Where the new money fits
Current leads the NSF Great Lakes RENEW Regional Innovation Engine, a program the National Science Foundation tapped for multi-year support and made eligible for up to $160 million over 10 years to build connected testbeds and scale resource-recovery technologies. The NSF portfolio page outlines RENEW’s mission to recover valuable minerals and remove harmful contaminants while linking pilot sites across Illinois, Ohio, and Wisconsin.
Partners and prior backing
According to Current, the Great Lakes RENEW coalition now spans universities, utilities, national labs and private firms, a network of more than 75 partners that the nonprofit credits as the vehicle for pilots and commercialization.

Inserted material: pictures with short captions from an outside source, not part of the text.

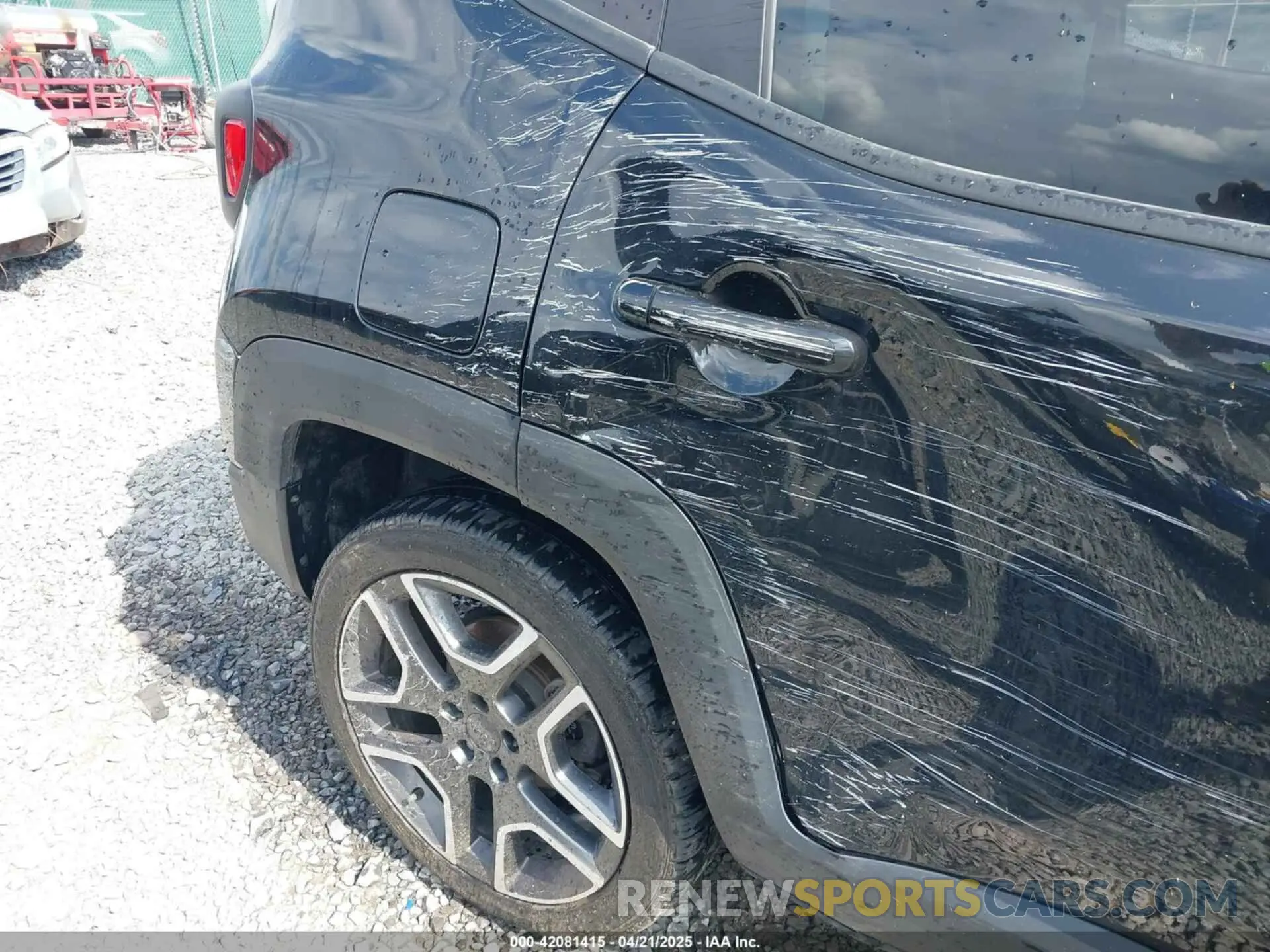 14 Photograph of a damaged car ZACNJDAB7MPM31877 JEEP RENEGADE 2021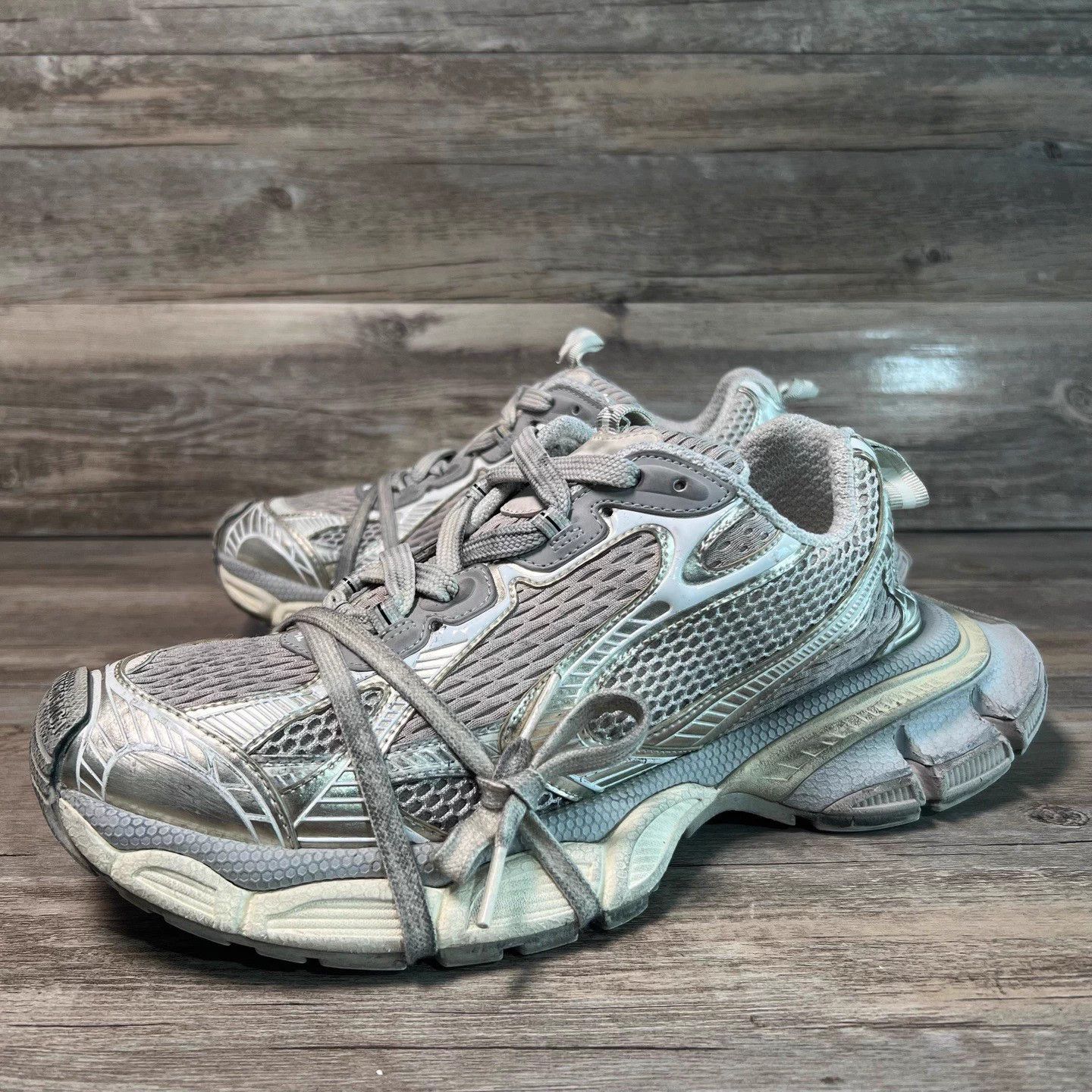 Balenciaga Balenciaga Triple S distressed silver/cream 42 Size US 9 / EU 42 - 1 Thumbnail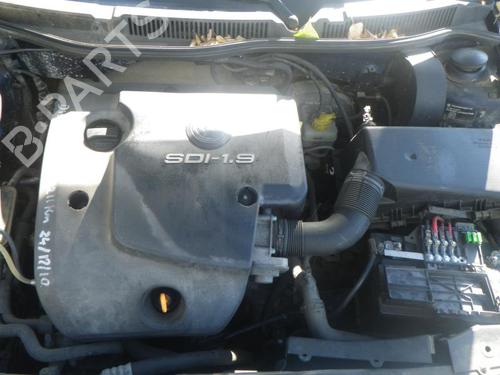 Right headlight VW GOLF IV (1J1) 1.9 SDI | BP25373864C29 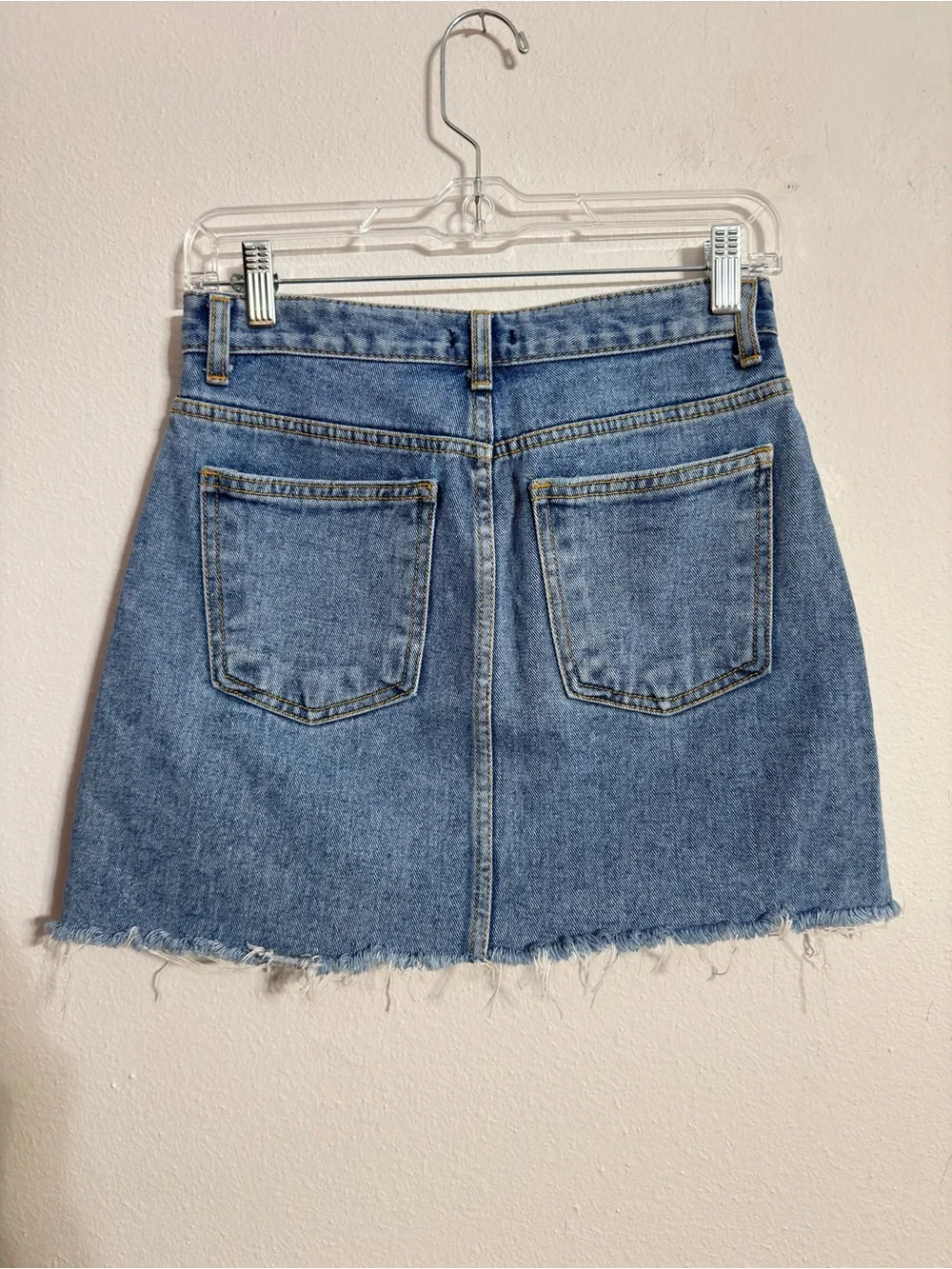 Limited  • Classic Blue Denim Mini Skirt • Casual Raw Hem • Women’s Size 4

The organization’s own documents also point out that it has helped raise more than $58 million so far to support regional water innovation and economic development.
How the money will be used
The new NSF dollars are expected to support pilot networks, centralized testbeds, startup acceleration and workforce programs, building on efforts Current already runs with local collaborators. One example is the Sustainable Water Tech Accelerator launched this year by mHUB and Current, which invests in early-stage teams, connects them with pilot sites and links them to industry mentors. The latest commitment is designed to scale exactly that kind of work.
Why the timing matters
The infusion also settles some near-term uncertainty. Earlier reporting noted that a delayed NSF site visit had put a $45 million tranche in limbo and briefly slowed some accelerator and pilot plans. Inside Climate News and related coverage highlighted those delays, which the new commitment appears to resolve.
Officials and industry partners say the funding could help lure water-intensive manufacturers back to the region, tap new value from wastewater streams and open up career pathways in Chicago and other anchor cities. Current and Great Lakes RENEW are expected to roll out more detailed spending plans and competitive calls for pilot projects in the coming weeks.